*** GIVEN ENTRIES
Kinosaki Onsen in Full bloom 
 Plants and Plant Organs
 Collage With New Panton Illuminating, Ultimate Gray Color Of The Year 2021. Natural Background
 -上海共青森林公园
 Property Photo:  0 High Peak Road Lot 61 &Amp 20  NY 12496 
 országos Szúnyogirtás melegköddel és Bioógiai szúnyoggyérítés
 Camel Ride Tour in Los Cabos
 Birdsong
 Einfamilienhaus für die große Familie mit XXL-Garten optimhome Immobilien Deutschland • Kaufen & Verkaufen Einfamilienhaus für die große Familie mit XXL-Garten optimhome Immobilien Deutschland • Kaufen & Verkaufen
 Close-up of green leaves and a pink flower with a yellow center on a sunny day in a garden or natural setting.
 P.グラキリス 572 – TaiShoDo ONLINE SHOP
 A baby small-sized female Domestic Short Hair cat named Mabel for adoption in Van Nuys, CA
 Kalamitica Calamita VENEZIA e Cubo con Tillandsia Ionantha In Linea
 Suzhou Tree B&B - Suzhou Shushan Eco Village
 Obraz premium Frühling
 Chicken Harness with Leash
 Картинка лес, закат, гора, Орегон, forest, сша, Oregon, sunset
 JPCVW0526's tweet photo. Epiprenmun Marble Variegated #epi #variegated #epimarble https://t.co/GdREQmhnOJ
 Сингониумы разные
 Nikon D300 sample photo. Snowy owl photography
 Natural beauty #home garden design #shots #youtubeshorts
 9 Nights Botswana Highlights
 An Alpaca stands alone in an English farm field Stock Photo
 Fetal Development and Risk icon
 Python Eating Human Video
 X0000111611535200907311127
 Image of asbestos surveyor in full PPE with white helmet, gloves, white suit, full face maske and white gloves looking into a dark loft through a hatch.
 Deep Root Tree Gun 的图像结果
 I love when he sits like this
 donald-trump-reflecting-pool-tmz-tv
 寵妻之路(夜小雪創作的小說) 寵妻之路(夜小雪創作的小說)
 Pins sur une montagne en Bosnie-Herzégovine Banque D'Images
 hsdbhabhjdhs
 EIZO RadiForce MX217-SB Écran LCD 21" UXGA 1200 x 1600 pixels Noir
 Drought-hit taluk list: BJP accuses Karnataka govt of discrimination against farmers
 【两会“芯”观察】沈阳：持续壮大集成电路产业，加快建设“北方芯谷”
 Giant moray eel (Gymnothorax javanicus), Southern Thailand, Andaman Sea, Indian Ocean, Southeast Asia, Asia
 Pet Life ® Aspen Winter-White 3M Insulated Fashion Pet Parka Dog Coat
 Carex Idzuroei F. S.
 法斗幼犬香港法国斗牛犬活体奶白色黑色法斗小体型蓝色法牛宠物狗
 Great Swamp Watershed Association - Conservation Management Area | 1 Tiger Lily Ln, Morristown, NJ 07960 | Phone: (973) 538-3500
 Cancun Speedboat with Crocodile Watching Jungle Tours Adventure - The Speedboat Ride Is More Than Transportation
******
*WORK REQUIRED:* Repeat every entry exactly, please.

*RESPONSE:*
Kinosaki Onsen in Full bloom 
 Plants and Plant Organs
 Collage With New Panton Illuminating, Ultimate Gray Color Of The Year 2021. Natural Background
 -上海共青森林公园
 Property Photo:  0 High Peak Road Lot 61 &Amp 20  NY 12496 
 országos Szúnyogirtás melegköddel és Bioógiai szúnyoggyérítés
 Camel Ride Tour in Los Cabos
 Birdsong
 Einfamilienhaus für die große Familie mit XXL-Garten optimhome Immobilien Deutschland • Kaufen & Verkaufen Einfamilienhaus für die große Familie mit XXL-Garten optimhome Immobilien Deutschland • Kaufen & Verkaufen
 Close-up of green leaves and a pink flower with a yellow center on a sunny day in a garden or natural setting.
 P.グラキリス 572 – TaiShoDo ONLINE SHOP
 A baby small-sized female Domestic Short Hair cat named Mabel for adoption in Van Nuys, CA
 Kalamitica Calamita VENEZIA e Cubo con Tillandsia Ionantha In Linea
 Suzhou Tree B&B - Suzhou Shushan Eco Village
 Obraz premium Frühling
 Chicken Harness with Leash
 Картинка лес, закат, гора, Орегон, forest, сша, Oregon, sunset
 JPCVW0526's tweet photo. Epiprenmun Marble Variegated #epi #variegated #epimarble https://t.co/GdREQmhnOJ
 Сингониумы разные
 Nikon D300 sample photo. Snowy owl photography
 Natural beauty #home garden design #shots #youtubeshorts
 9 Nights Botswana Highlights
 An Alpaca stands alone in an English farm field Stock Photo
 Fetal Development and Risk icon
 Python Eating Human Video
 X0000111611535200907311127
 Image of asbestos surveyor in full PPE with white helmet, gloves, white suit, full face maske and white gloves looking into a dark loft through a hatch.
 Deep Root Tree Gun 的图像结果
 I love when he sits like this
 donald-trump-reflecting-pool-tmz-tv
 寵妻之路(夜小雪創作的小說) 寵妻之路(夜小雪創作的小說)
 Pins sur une montagne en Bosnie-Herzégovine Banque D'Images
 hsdbhabhjdhs
 EIZO RadiForce MX217-SB Écran LCD 21" UXGA 1200 x 1600 pixels Noir
 Drought-hit taluk list: BJP accuses Karnataka govt of discrimination against farmers
 【两会“芯”观察】沈阳：持续壮大集成电路产业，加快建设“北方芯谷”
 Giant moray eel (Gymnothorax javanicus), Southern Thailand, Andaman Sea, Indian Ocean, Southeast Asia, Asia
 Pet Life ® Aspen Winter-White 3M Insulated Fashion Pet Parka Dog Coat
 Carex Idzuroei F. S.
 法斗幼犬香港法国斗牛犬活体奶白色黑色法斗小体型蓝色法牛宠物狗
 Great Swamp Watershed Association - Conservation Management Area | 1 Tiger Lily Ln, Morristown, NJ 07960 | Phone: (973) 538-3500
 Cancun Speedboat with Crocodile Watching Jungle Tours Adventure - The Speedboat Ride Is More Than Transportation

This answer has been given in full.